Let me start off with this first impression of the book. It is dense. Even though there is 290 pages, each page seems to be filled to the brim with information. After finishing it, I felt that I needed to read it again, just to get the second layer of information from it. One of the things I particularly liked about this book was when it gave you the names it did so in the Chinese characters, the English lettering translation(what I would call romanji if this were Japanese), and then the English language translation. This was cool to me, as I can read a character or two (from studying Japanese) here and there, and it added to the depth that I was able to assimilate some of the information.
ContentThe title of this book says a lot about what the content is. This book covers one style Shang Yun-Xian, of the Chinese martial art Xingyiquan. This does in no way distract from its value. If fact the first part of the book is dedicated to telling you the differences between Shang style, and other styles of Xingyi. The author, Mr. Li Wen-Bin, then went on to explain why these differences were in place, even siting the original art that Xingyi was derived from Xinyi. Even though I'm not familiar enough with Xingyi, I appreciated the open discussion on his part. Included in the first third of the book is a discussion on how and why Xingyi works, and why it is an internal art, as well as how it is linked to the ideas of traditional Chinese medicine.
The second part of the book goes through the ideas of the key stance and what are called the five fists. Again, the author explains, in terms of internal arts and traditional Chinese medicine, why Shang style teaches them in a different sequence than most Xingyi. For those that don't know, there are five elements in Chinese ideology: Earth, Fire, Water, Metal, and Wood. The reason for the difference has to do with the cycle of elements, how each if encouraged by a different element in the cycle, and how each element is linked to one of the five fists. The book then, in very detailed description, goes through some of the Xingyi forms, in a way that can be easily interpreted from the combination of description and illustration. Each form also includes a description of what the purpose of the form is, or rather, what should be learned/studied through that particular form.
The third and last part of the book follows the pattern set in the second, but describes some of the weapons forms, including broadsword, jian sword, staff, and spear. Again, with diligence, the forms could be done from just the description and illustration alone.
ProsThere are many good points about this book.

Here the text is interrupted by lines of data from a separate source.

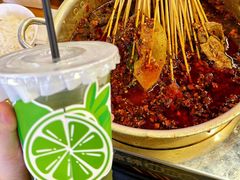 -徐妹串串香(春熙路店)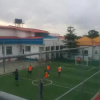 Отель C Villa Suites, фото 31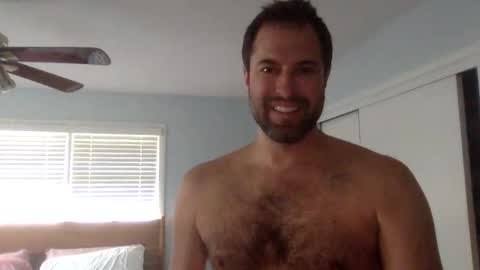Snapshot of friskyfun123 chatting on April 8, 2026, 5:57 pm friskyfun123 online show from April 8, 2026, 5:57 pm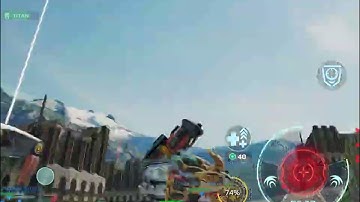 War robots hacker Yume, Hacking  again to games later.￼￼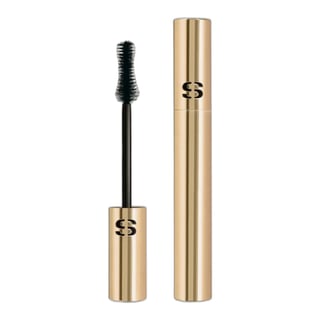 Sisley Paris Phyto-Noir Mascara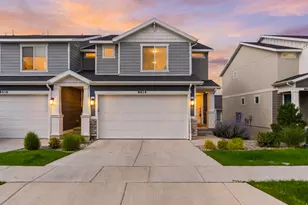 8614 W Bowie Dr, Magna, UT 84044 - Photo 2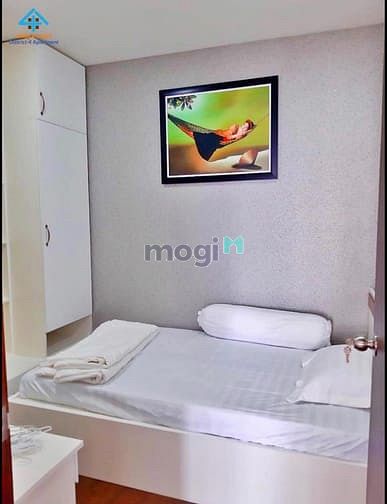 Hình ảnh Cho thuê Trang Chủ MB66.COM / Đăng Ký Tặng 66K 2PN Saigon Royal giá tốt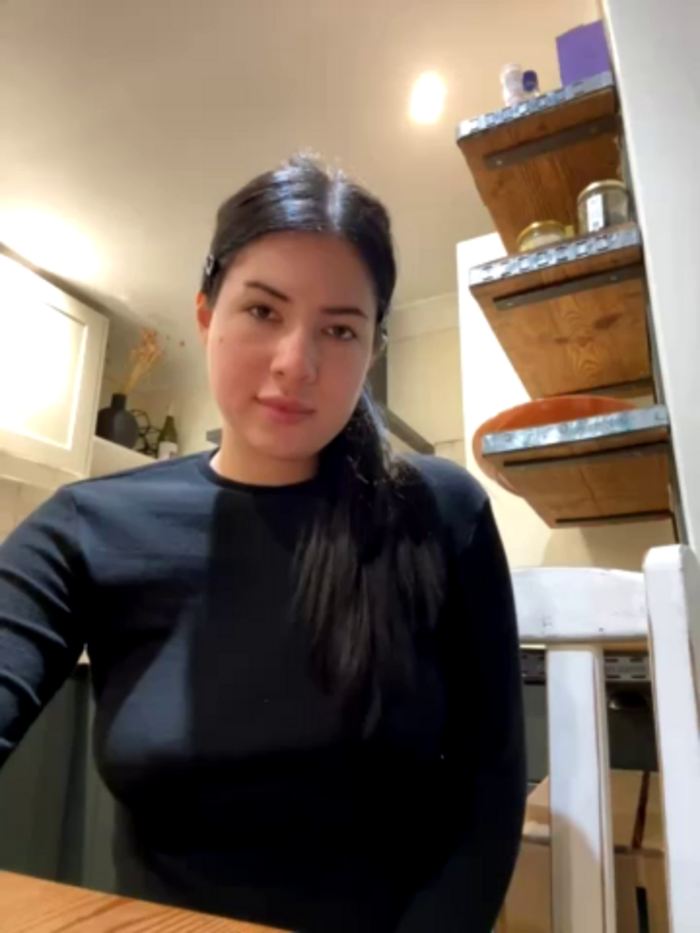 clairewntr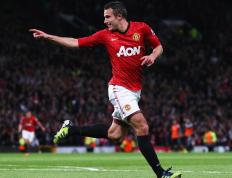 IM体育赛事直播入口-美加墨世界杯焦点战前瞻，灰熊式强压战术能否驯服猛龙？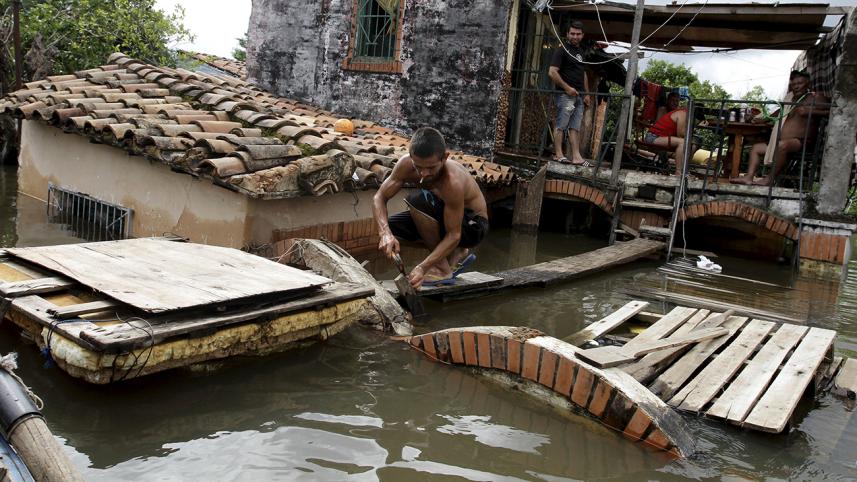 South-AMerica-flood-1.jpg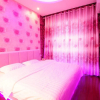 Отель Ruier New Concept Express Hotel, фото 12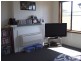 55 Spencer Street, Burnie TAS 7320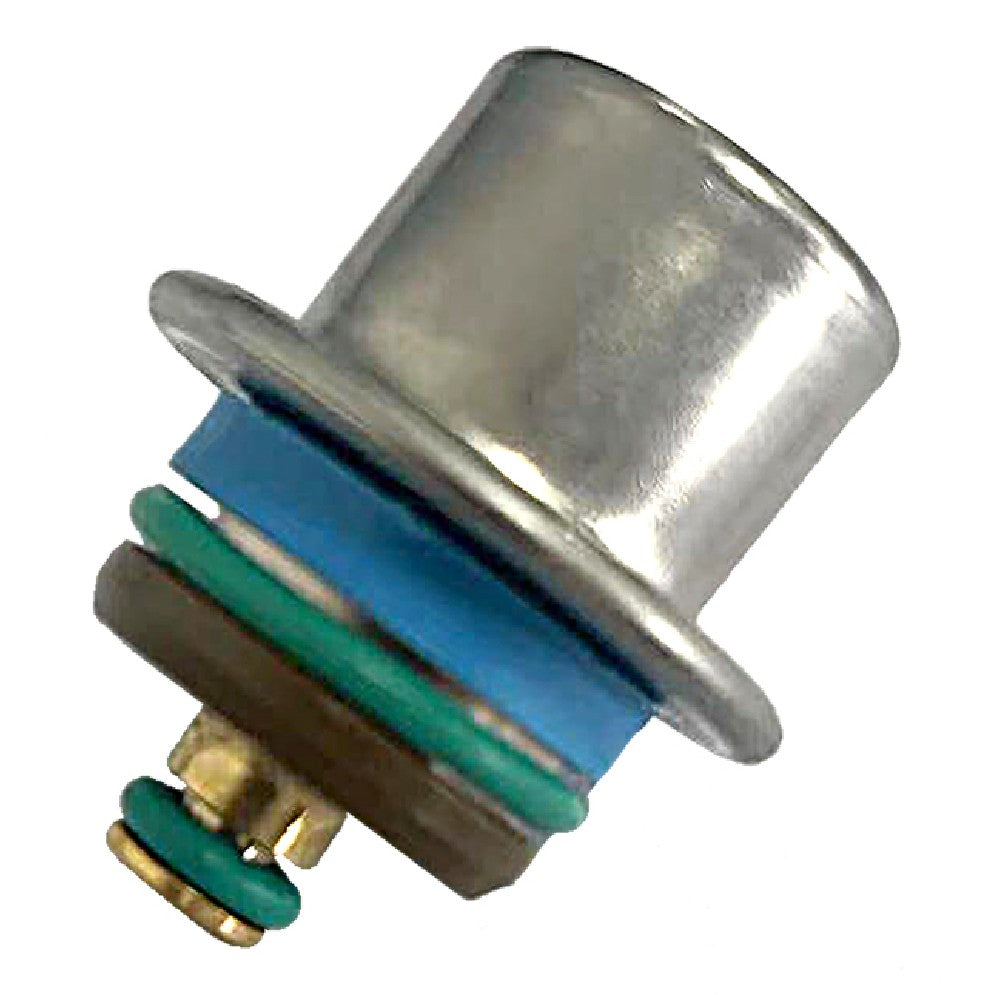 Regulador de Pressão - Gauss - GI8043 - (1)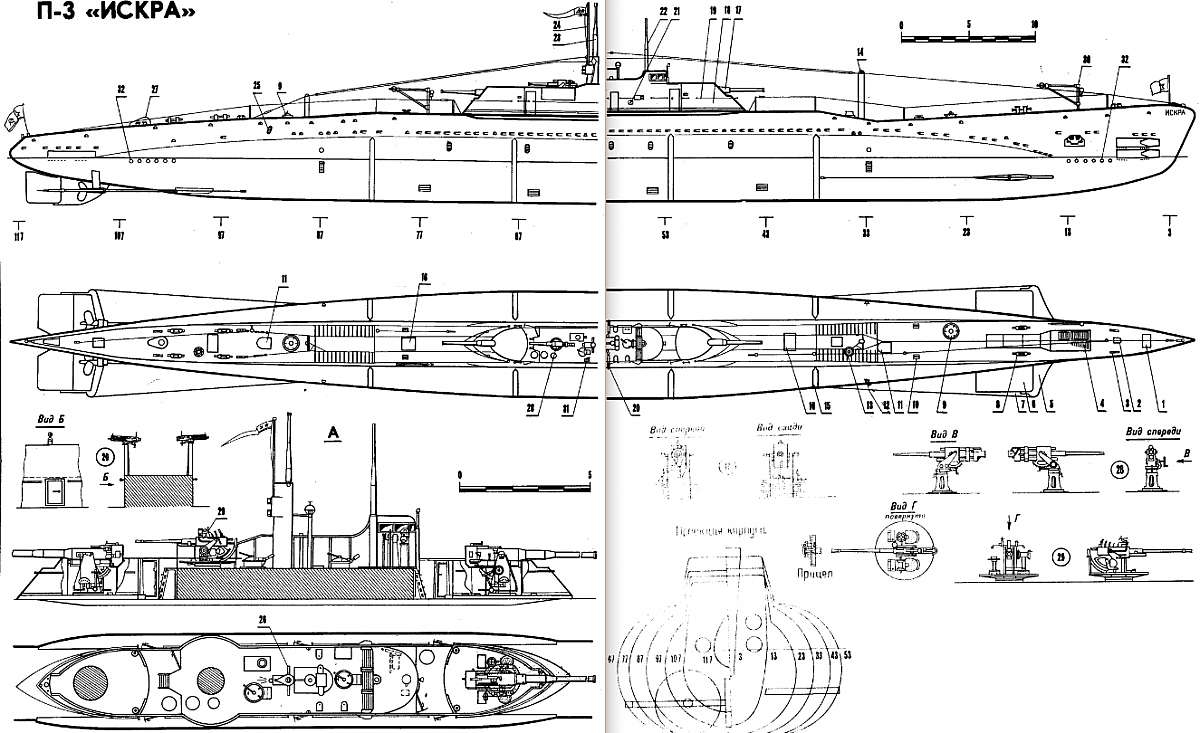 plan_Submarine_P3_Iskra_1936.jpg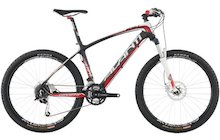 Avanti Competitor 26.1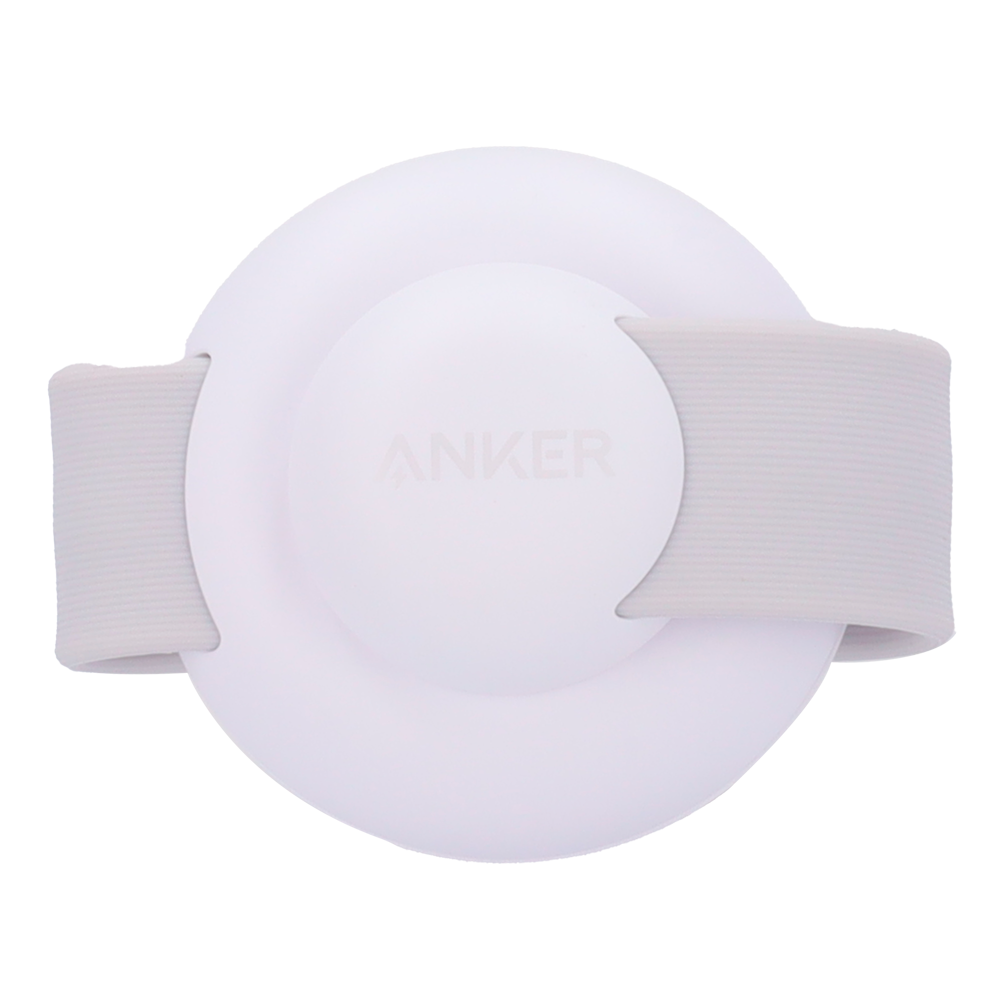 ANK-FWCHARGER-3-IN-1-W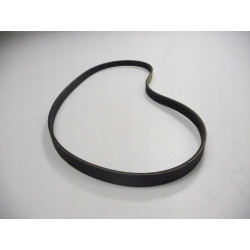 PASEK WIELOROWKOWY POMPY WODY HYUNDAI I10 I20 OE 25212 03500
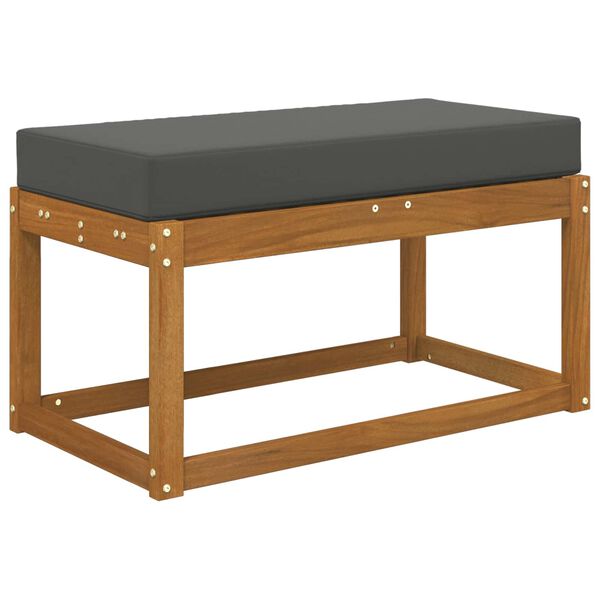 Affichage de l&rsquo;image produit 3 sur 8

Like I said earlier, this book is DENSE. There is a lot of information and effort put into this book, and you can tell. The tone doesn't convey the typical "why my style is better" mood, but rather, it reads more like an argumentative essay where the author says "here's what's different about my style, and here are my reasons why the differences are there." There isn't any sense of condemnation or superiority, just a explanation of why, and I liked that .
In the forms section, as I said, the pictures and description are very will done, which is hard to do. Trying to show a system of movements in still photography is a skill all in itself, and this book does it well. If you wanted to learn the form, you of course still need an instructor to critique you, but this book does a good job giving you the basic framework to build those critiques on.